Assignment Specifications (View All)

WEKA Lab 1

This assignment is worth 17% of your overall Homework and Programming Assignments grade.

  1. Become familiar with the ionosphere data set and use it to perform the following experiments:
    1. Use IB1 and IBk (for k up to 9) to classify the data using cross validation. Report your results. Which value of k is best?
    2. Use PCA to try differing numbers of attributes (1-8). For each number of attributes, perform the same classification experiments that you did with the original data. Report your results (as an 8x9 matrix). Which value of k is best? How does performance change with different numbers of attributes? Which number of attributes is best? Can you explain which attributes these are?
    3. Given the best number of (PCA) attributes, choose various subsets (of the same size) of the original attributes. Perform the IBk experiments on these subsets and report and compare results with those obtained using the PCA attributes. What do you see?
    4. Show a visual representation of the decision surface with 2 attributes (derived from PCA) and k=1.
  2. Become familiar with the vowel data set and use it to perform the following experiments:
    1. Remove the first three attributes as well as the class attribute.
    2. Cluster the data using the simple k-Means algorithm, with values of k from 1 to 12. What do you see?
    3. Now add the class attribute back in and repeat the clusterings, comparing the clusterings with the class. How well does the clustering appear to correlate with class? What might this mean?
    4. Choose several different classifiers and use them to classify the data. How does their performance compare with the clustering's "performance"? Is this something you might expect?
    5. Does adding back in any of the original first three attributes have any effect on either the clustering or the classification performance?
  3. Design your own experiment, perform it and report on it:
    1. Find an interesting data set and briefly describe it.
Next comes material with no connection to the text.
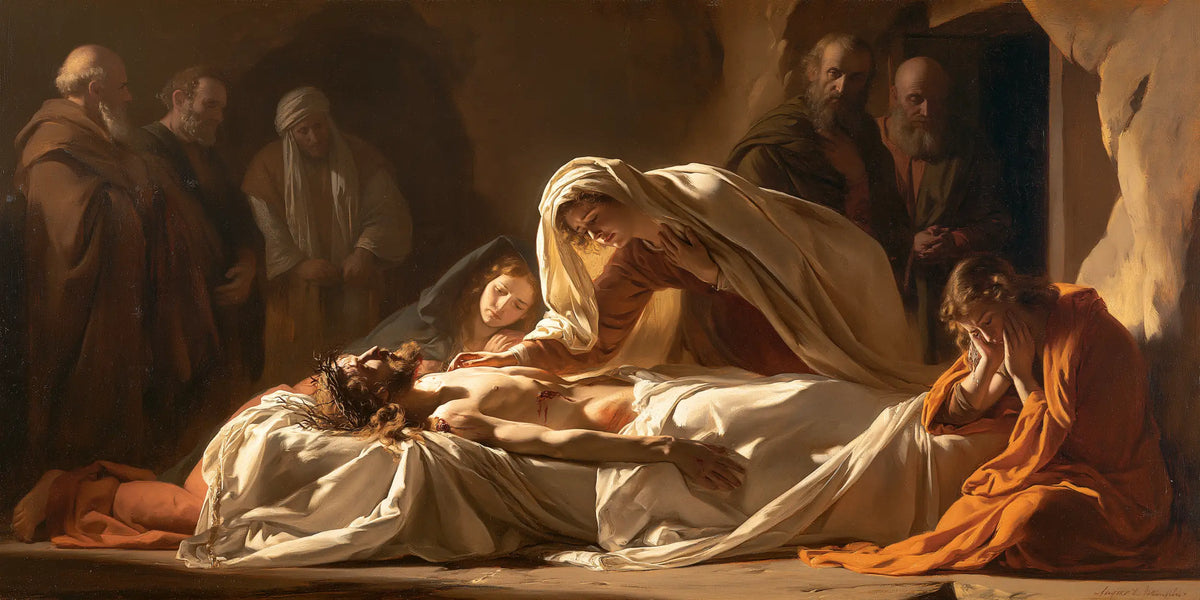 Entombment of Jesus Christ in Intimate Mourning style, landscape Christian artwork no. 4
You might look here or here. Or, you can come up with your own some other way. A brief description of ARFF (a file format that WEKA knows) may be helpful.
    2. Come up with an interesting experiment (experiments) to do using your data set and briefly describe it (them).
    3. Perform your experiment(s), report your results and draw conclusions (what did you learn? what does it mean? does it make sense? what else could be done? etc).

Turn in a thoughtful, well-written written report (see the guidelines above) that details your experiments and addresses the questions posed above (look carefully at everything to make sure you've covered all the parts of each). What you say is important. Why you say it is even more important.